Ibadah dapat diekspresikan dengan pelbagai cara. Salah satu cara ekspresi ibadah itu adalah mengingat para wali Allah sebagai perwujudan cinta kepada Allah Swt. Dalam hadis nabawi disebutkan bahwa mengingat Ali adalah ibadah. Mengingatnya akan mengantarkan kita kepada sebuah mata air kecemerlangan karena darinya bersumber pelbagai keutamaan, keb
[Momentum] Beribadah dengan Mengingat Ali bin Abi Thalib

Ibadah dapat diekspresikan dengan pelbagai cara. Salah satu cara ekspresi ibadah itu adalah mengingat para wali Allah sebagai perwujudan cinta kepada Allah Swt. Dalam hadis nabawi disebutkan bahwa mengingat Ali adalah ibadah. Mengingatnya akan mengantarkan kita kepada sebuah mata air kecemerlangan karena darinya bersumber pelbagai keutamaan, kebaikan, dan kesempurnaan. Mengingat Ali, sebagaimana Carlyle, yang menandaskan bahwa "Mau-tak-mau, kita telah dibuat cinta kepada Imam Ali. Betapa dia adalah seorang ksatria besar dan punya karakteristik yang tinggi. Hati nuraninya telah menjadi sumber yang mengalirkan kasih sayang dan kebajikan. Dia seorang yang pemberani, namun keberaniannya larut dengan kasih sayang dan kelembutan hati." Atau di tempat lain ia mengatakan, "Kami tidak sanggup menahan kata-kata kami untuk memuji dan menyanjung Ali. Dia adalah ksatria besar nan agung. Dia adalah sumber rahmat, kebaikan serta manifestasi sebuah kebesaran, keberanian dan kelembutan. Atau ungkapan perasaan George Jordac, dalam Voice of Human Justice, yang indah dan menawan tentang sosok malaikat yang berbentuk manusia Ali bin Abi Thalib, "Wahai zaman, andaikan dengan segala kekuatanmu….. Wahai jagat raya, andaikan dengan segala kesanggupanmu engkau bisa menciptakan sosok pahlawan besar, maka sekali lagi ciptakan manusia seperti Ali, sebab zaman memerlukan orang seperti Ali."
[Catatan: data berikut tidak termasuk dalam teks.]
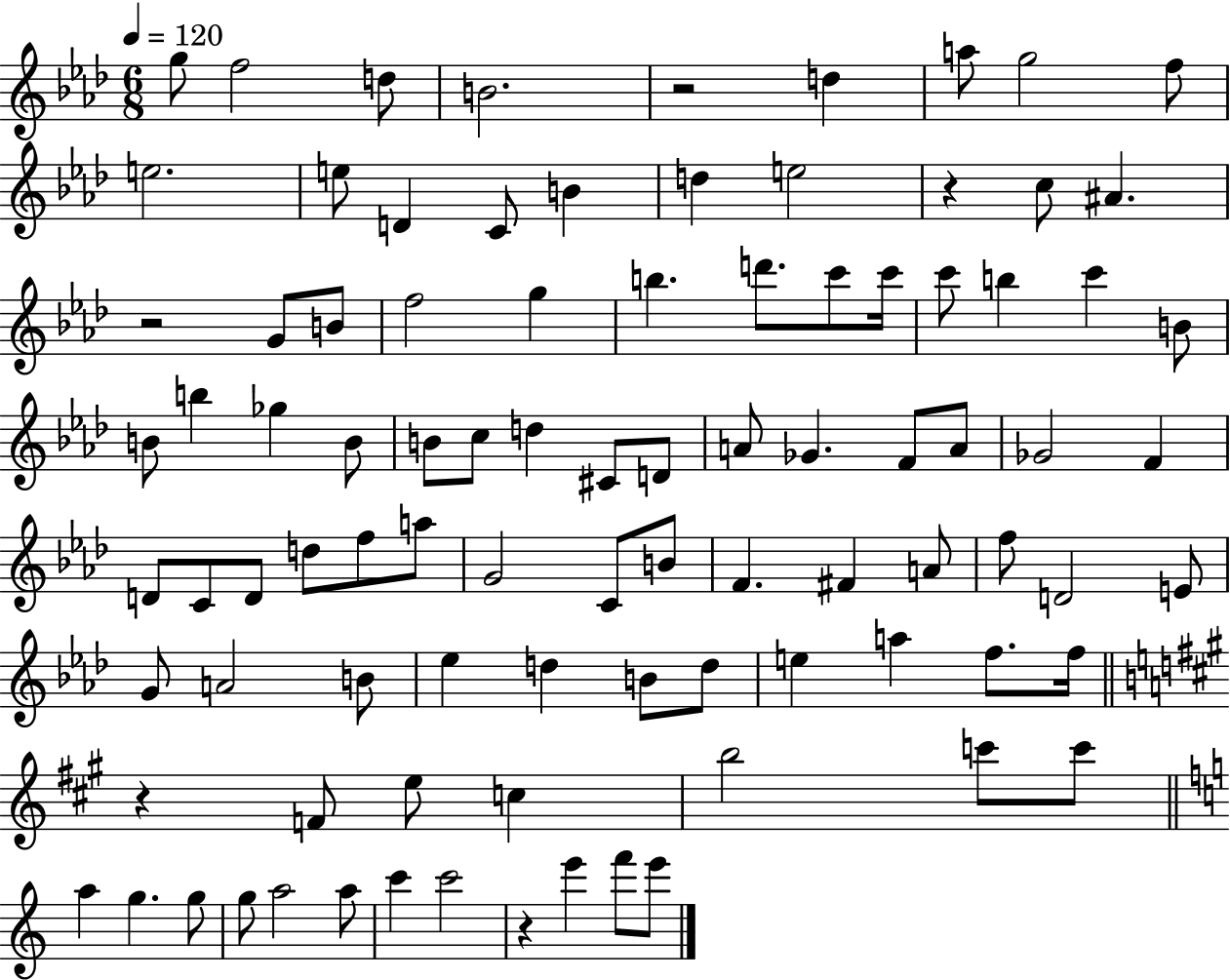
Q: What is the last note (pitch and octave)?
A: E6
Mari kita nyatakan ibadah hari ini dengan mengingat Ali bin Abi Thalib yang padanya selangit keutamaan khususnya pandangannya tentang ibadah kepada Allah Swt. Sebagaimana ibadah yang dilakukan oleh para haji mengelilingi Ka'bah, mari kita beribadah mengingat Sang Putra Ka'bah dengan menyoroti masalah ibadah dalam pandangannya. Dengan harapan, semoga tulisan ringan ini dapat mengantarkan kita untuk berziarah kepadanya sekaligus beribadah mengamalkan sabda Rasulullah Saw bahwa mengingat Ali adalah ibadah.
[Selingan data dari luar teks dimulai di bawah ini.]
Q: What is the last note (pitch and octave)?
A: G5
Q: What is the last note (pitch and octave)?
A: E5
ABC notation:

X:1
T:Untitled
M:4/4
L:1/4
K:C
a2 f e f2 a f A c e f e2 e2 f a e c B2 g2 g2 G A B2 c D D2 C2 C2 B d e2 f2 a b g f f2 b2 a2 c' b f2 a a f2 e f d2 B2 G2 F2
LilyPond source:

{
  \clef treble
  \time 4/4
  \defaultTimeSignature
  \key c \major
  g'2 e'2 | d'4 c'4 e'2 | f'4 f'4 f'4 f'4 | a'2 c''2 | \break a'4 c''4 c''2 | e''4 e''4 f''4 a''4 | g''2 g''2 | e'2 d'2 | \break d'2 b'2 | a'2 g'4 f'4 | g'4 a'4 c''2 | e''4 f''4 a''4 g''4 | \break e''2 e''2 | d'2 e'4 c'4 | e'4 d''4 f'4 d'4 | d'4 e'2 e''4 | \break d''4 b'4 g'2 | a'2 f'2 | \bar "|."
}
Ibadah kepada Allah Yang Esa atau ibadah kepada eksisten apa pun merupakan salah satu fondasi ajaran para nabi Ilahi. Setiap ajaran para nabi pasti mengulas masalah ibadah. Namun ekspresi setiap orang ihwal ibadah tidak sederet dan sejajar. Menurut sebagian orang, ibadah merupakan sejenis transaksi atau barteran pekerjaan dan barang. Menjajakan barang dan mengambil upah. Sebagaimana seorang pekerja harian yang memberdayakan dirinya untuk menjalankan sebuah perintah atasan dan menerima upah sebagai balasan dari pekerjaan tersebut. Seorang hamba juga demikian adanya, berupaya, berlelah, berpeluh, beribadah kepada Tuhan untuk mendapatkan ganjaran dari-Nya. Tentu saja ganjarannya akan diterima kelak di kemudian hari. Dalam pandangan orang-orang sedemikian, faidah ibadah adalah menerima ganjaran yang akan ia terima di dunia akan datang dalam bentuk seperangkat barang materi. Karena ibadah menurut orang-orang sedemikian adalah gerakan anggota badan secara lahir melalui lisan dan anggota badan lainnya.
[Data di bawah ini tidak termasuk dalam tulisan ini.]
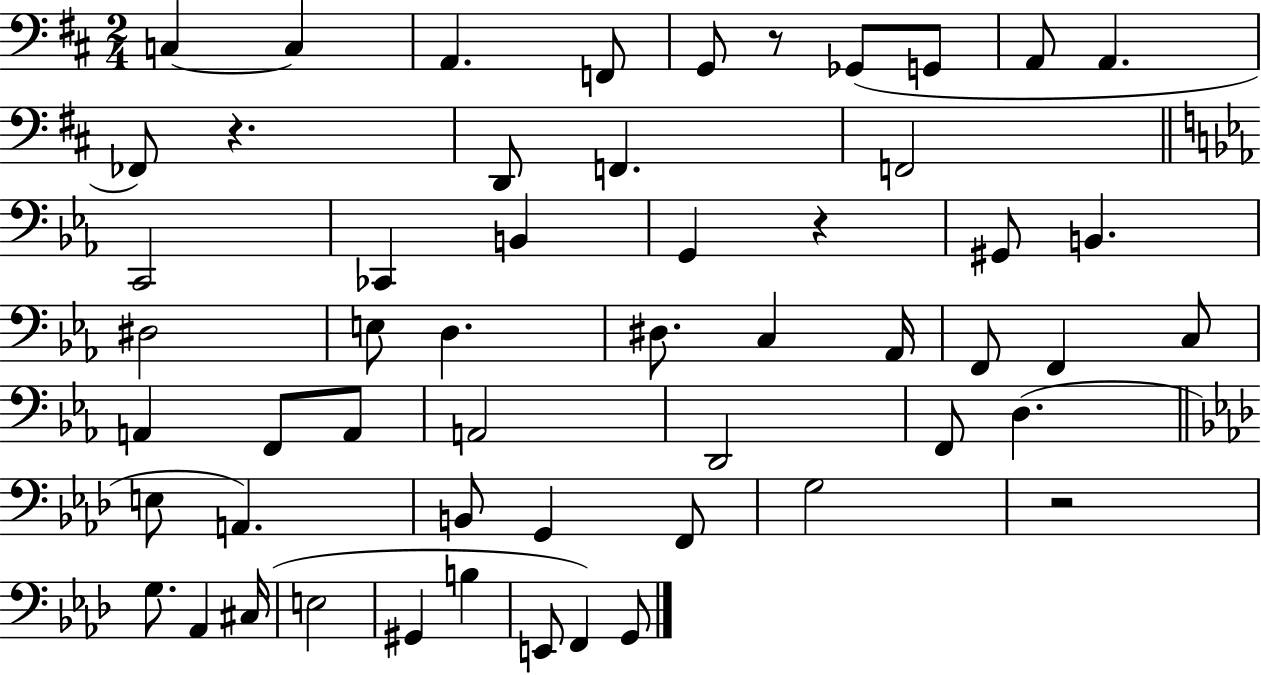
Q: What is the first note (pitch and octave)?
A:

Ekspresi lainnya terkait ibadah adalah ekspresi irfani. Berdasarkan ekspresi terhadap ibadah ini tidak mengemuka masalah pekerja, pelaksanaan pekerjaan, dan ganjaran. Bukan saja tidak mengemuka bahkan apa yang lazim dalam keseharian antara seorang pekerja dan pemberi perintah tidak dapat mengedepan dalam ekspresi irfani ini. Menurut ekspresi ini, ibadah merupakan tangga untuk mendekat kepada Sang Kinasih, mikraj manusia, mentransedentalnya jiwa, melesaknya ruh kepada Sang Adi Kodrati. Dalam tinjauan ini, ibadah adalah media untuk membina pelbagai potensi ruh, olah raga-batin seluruh fakultas malakuti manusia, dominasi ruh atas badan, ungkapan cinta manusia kepada Kesempurnaan Absolut, dan pada akhirnya ibadah adalah sair dan suluk (pelancongan) ruhani kepada Allah Swt.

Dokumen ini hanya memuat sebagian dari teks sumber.